Who knows how he got it. Maybe his parents left it to him or he got lucky in the stock market or acquired it in some dishonest way.
What does it matter? It’s out of your reach, right?
I don’t blame you if you think this way. I thought that way once myself. It’s how Hollywood and the popular media like to portray the wealthy… “the one-percent.”
But it couldn’t be further from the truth.
How can I say that?
Because my research team and I surveyed and interviewed over 10,000 millionaires. We learned a lot about them.
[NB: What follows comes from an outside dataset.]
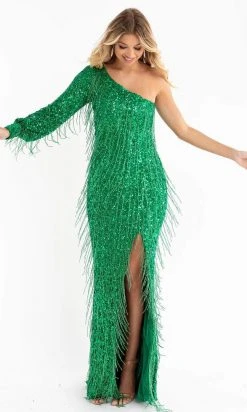 Primavera Couture - 3739 Sequin Asymmetrical Gown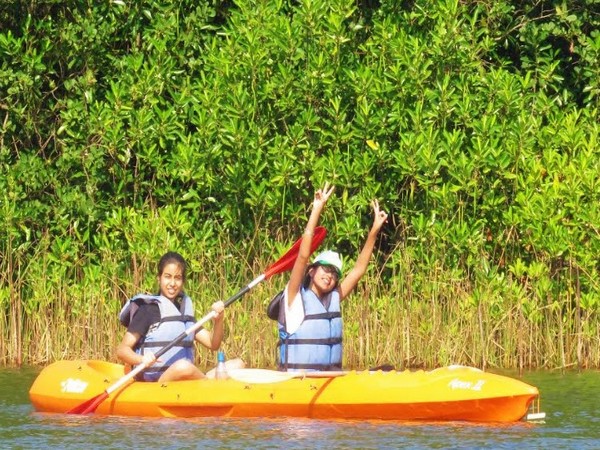 Kids having fun at Trailblazers camp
What we found out surprised me, and, I suspect, will surprise you, too.
But before I explode some millionaire myths, let me first define what I mean by a “millionaire.”
It means someone who has $1 million dollars in net assets; that is, the total of their assets, bank accounts and investments minus any debts totals $1 million or more.
According to a recent report, there are almost 11 million millionaires in the United States today – more than ever. But here’s the kicker: that same report shows the number of people living paycheck to paycheck is on the rise, with one in three _unable_ to cover a $2000 emergency with cash.
The key difference between the so-called haves and have nots? Well that’s what really blew us away. Before I give you that answer, I need to deal with some myths about the millionaires we talked to.
Myth #1 – Wealthy people inherited all their money.
The truth is, 79% of millionaires received zero inheritance. That’s right, zip from mom and dad. They earned it on their own.
Myth #2 – Wealthy people are lucky.
This is one that I believed for a long time. But in reality, 76% of millionaires say that nothing extraordinary happened to enhance their wealth. No lottery wins. No stock market killing. Discipline and hard work were the key factors. As for luck, the luckiest thing in most of their lives was being born in, or becoming a citizen of, the United States.
Myth #3 – Wealthy people have prestigious private-school educations.
Wrong again. 62% of millionaires went to public state schools. You don’t have to go to an Ivy League School to do well.
Myth #4 – Wealthy People Have High Paying Jobs.
Not true at all! One-third of millionaires never had a six-figure household income in a single working year. Really. I’m not making it up.
So, what makes these millionaires so extraordinary?
You ready for the shocking answer?
Here it is:
Nothing. Nothing at all.
Remember I said that there was one key thing that separated the haves from the have-nots? It’s the attitude millionaires have _toward_ money. They have learned to control it and not let it control them.
So, if you want to achieve financial security, you need to change your mindset. The sooner the better. You have to start with the belief that it’s possible for you to become a millionaire. I can give you 10,000 examples of people like you who have done it.
Next you have to take responsibility for where you are financially _right now._ And wherever you are, however you got there, you’ve got to own it. My friend Dave Ramsey says, “If you’re the problem, it also means you’re the solution.” And that’s actually good news. It means your financial destiny is in your own hands.
Once you’ve accepted where you are, you have to create a plan and set goals. You need to pay off debt and build up savings. Methodically. 92% of millionaires set long-term goals for their money.
There are no shortcuts. Reaching millionaire status won’t just happen accidentally. It takes what I call “intense intentionality.”
And, of course, hard work.
But I believe just about anyone who’s willing to work hard and be disciplined about spending and saving can become a millionaire in America today.
If you had talked to all the ordinary Americans, like I have, who have “made it”, you’d believe it too.
The opportunity is there.
This is America – where there’s always room for one more millionaire.
I’m Chris Hogan, author of Everyday Millionaires, for Prager University.